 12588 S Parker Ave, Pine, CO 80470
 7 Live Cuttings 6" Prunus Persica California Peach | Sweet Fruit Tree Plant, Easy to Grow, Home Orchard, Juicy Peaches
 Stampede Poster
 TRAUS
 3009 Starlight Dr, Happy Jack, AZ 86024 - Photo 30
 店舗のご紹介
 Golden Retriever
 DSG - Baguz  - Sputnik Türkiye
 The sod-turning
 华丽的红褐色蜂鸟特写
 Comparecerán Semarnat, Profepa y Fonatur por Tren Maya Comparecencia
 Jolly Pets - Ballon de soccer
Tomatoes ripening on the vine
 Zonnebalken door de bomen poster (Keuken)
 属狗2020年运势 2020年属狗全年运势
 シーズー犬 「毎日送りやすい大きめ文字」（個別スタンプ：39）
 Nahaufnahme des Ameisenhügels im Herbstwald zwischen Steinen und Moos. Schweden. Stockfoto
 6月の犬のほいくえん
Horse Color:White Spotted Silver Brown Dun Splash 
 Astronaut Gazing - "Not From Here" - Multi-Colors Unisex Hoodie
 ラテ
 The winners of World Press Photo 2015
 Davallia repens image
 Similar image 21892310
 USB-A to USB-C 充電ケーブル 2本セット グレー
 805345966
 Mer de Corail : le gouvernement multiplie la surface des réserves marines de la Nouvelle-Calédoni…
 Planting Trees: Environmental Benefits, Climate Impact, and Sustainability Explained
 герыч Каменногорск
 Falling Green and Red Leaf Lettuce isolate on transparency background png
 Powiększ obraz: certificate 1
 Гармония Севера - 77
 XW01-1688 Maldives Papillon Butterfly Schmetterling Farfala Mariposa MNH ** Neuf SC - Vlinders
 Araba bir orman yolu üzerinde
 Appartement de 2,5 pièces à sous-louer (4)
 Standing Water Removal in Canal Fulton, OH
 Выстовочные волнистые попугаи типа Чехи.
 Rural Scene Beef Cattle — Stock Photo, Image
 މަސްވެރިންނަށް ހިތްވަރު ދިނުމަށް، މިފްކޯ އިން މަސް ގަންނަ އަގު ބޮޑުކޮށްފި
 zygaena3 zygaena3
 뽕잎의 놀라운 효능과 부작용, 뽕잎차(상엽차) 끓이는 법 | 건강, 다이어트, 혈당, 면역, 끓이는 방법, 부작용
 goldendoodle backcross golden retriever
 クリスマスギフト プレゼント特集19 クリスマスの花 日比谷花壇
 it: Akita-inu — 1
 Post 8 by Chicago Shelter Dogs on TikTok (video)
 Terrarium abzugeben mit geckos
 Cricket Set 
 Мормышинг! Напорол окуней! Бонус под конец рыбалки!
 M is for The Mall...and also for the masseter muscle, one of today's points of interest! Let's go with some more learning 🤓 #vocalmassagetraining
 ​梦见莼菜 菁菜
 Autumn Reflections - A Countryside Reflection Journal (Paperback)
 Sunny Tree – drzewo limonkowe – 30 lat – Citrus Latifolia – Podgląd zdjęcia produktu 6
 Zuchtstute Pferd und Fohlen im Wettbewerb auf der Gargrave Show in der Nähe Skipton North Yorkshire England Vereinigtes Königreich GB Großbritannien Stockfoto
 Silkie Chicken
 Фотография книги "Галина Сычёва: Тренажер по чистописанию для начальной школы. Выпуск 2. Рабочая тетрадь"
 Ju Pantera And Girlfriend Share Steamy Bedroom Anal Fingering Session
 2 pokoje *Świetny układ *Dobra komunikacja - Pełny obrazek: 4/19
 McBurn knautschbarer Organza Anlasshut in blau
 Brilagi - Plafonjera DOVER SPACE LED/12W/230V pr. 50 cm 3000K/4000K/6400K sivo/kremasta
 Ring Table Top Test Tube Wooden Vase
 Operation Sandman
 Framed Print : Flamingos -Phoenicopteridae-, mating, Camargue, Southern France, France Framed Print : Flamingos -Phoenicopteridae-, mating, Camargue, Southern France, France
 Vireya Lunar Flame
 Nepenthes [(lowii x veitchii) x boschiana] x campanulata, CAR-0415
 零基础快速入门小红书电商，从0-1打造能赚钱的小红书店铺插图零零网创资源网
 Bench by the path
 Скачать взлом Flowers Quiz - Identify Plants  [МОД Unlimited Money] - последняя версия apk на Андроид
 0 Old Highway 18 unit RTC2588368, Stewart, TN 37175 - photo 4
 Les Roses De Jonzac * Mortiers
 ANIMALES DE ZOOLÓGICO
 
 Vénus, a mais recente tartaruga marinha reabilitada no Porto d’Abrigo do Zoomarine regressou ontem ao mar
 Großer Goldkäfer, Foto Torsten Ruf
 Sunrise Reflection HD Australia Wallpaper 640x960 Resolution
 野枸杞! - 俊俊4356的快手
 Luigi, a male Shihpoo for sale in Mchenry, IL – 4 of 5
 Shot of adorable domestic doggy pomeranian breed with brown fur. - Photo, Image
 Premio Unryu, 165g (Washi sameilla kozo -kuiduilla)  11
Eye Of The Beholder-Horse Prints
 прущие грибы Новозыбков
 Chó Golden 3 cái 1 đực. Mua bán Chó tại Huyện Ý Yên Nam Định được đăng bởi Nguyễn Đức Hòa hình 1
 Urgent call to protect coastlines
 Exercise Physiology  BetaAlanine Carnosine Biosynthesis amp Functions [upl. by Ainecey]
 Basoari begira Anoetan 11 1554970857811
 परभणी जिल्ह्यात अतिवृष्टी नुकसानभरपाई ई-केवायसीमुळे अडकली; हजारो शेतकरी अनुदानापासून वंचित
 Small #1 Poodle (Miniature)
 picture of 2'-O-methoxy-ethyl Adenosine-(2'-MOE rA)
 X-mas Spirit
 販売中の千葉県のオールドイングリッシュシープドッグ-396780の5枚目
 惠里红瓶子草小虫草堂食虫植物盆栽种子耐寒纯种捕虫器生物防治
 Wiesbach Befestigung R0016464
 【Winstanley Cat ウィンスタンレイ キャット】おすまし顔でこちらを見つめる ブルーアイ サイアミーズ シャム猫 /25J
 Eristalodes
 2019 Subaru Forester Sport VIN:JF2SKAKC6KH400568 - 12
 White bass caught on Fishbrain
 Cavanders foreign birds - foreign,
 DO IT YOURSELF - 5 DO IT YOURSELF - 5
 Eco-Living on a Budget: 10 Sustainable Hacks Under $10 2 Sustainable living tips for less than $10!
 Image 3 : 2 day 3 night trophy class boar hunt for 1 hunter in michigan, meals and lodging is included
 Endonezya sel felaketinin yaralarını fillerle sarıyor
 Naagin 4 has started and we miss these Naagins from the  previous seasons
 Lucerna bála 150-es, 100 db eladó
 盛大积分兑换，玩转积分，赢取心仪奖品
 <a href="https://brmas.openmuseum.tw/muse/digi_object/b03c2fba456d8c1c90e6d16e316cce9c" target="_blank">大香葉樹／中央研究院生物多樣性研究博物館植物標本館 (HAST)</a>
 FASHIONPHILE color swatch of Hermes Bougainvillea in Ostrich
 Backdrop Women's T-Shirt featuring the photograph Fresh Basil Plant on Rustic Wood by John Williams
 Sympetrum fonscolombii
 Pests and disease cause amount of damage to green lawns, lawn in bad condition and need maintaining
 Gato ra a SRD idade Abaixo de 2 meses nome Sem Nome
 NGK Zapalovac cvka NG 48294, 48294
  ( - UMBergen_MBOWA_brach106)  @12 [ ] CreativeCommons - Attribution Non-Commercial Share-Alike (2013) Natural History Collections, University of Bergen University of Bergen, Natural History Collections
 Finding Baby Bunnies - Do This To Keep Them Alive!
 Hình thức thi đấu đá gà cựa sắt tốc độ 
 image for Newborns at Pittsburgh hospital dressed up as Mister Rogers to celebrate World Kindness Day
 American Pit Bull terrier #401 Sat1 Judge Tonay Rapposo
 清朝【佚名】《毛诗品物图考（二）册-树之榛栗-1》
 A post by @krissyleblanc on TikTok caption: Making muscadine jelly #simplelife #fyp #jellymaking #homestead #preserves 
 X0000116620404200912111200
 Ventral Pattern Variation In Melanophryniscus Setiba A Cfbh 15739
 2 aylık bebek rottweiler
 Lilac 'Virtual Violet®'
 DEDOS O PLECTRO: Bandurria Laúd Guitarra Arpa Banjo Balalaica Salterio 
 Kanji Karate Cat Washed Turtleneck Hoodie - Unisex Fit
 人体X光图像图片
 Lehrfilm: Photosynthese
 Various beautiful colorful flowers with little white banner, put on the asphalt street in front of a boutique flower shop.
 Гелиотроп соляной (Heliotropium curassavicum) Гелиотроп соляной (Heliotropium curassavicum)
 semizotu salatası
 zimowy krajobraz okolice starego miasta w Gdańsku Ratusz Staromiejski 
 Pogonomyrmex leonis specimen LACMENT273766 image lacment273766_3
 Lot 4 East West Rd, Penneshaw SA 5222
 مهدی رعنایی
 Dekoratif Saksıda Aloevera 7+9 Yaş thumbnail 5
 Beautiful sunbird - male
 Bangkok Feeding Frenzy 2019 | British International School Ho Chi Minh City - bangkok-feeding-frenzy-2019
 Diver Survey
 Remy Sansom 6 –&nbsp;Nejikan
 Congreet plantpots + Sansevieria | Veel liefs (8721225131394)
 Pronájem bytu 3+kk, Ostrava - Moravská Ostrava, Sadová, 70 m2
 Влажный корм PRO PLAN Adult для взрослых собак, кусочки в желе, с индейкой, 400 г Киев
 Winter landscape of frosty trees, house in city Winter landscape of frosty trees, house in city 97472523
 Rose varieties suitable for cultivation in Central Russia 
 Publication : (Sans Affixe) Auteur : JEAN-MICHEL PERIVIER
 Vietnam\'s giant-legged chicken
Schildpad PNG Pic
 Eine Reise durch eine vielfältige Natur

____

Exercise details:
Reproduce the lines above, beginning at the line with "Ring Table Top Test Tube Wooden Vase" and stopping after the line with "0 Old Highway", exactly as they are.

Response area:
 Ring Table Top Test Tube Wooden Vase
 Operation Sandman
 Framed Print : Flamingos -Phoenicopteridae-, mating, Camargue, Southern France, France Framed Print : Flamingos -Phoenicopteridae-, mating, Camargue, Southern France, France
 Vireya Lunar Flame
 Nepenthes [(lowii x veitchii) x boschiana] x campanulata, CAR-0415
 零基础快速入门小红书电商，从0-1打造能赚钱的小红书店铺插图零零网创资源网
 Bench by the path
 Скачать взлом Flowers Quiz - Identify Plants  [МОД Unlimited Money] - последняя версия apk на Андроид
 0 Old Highway 18 unit RTC2588368, Stewart, TN 37175 - photo 4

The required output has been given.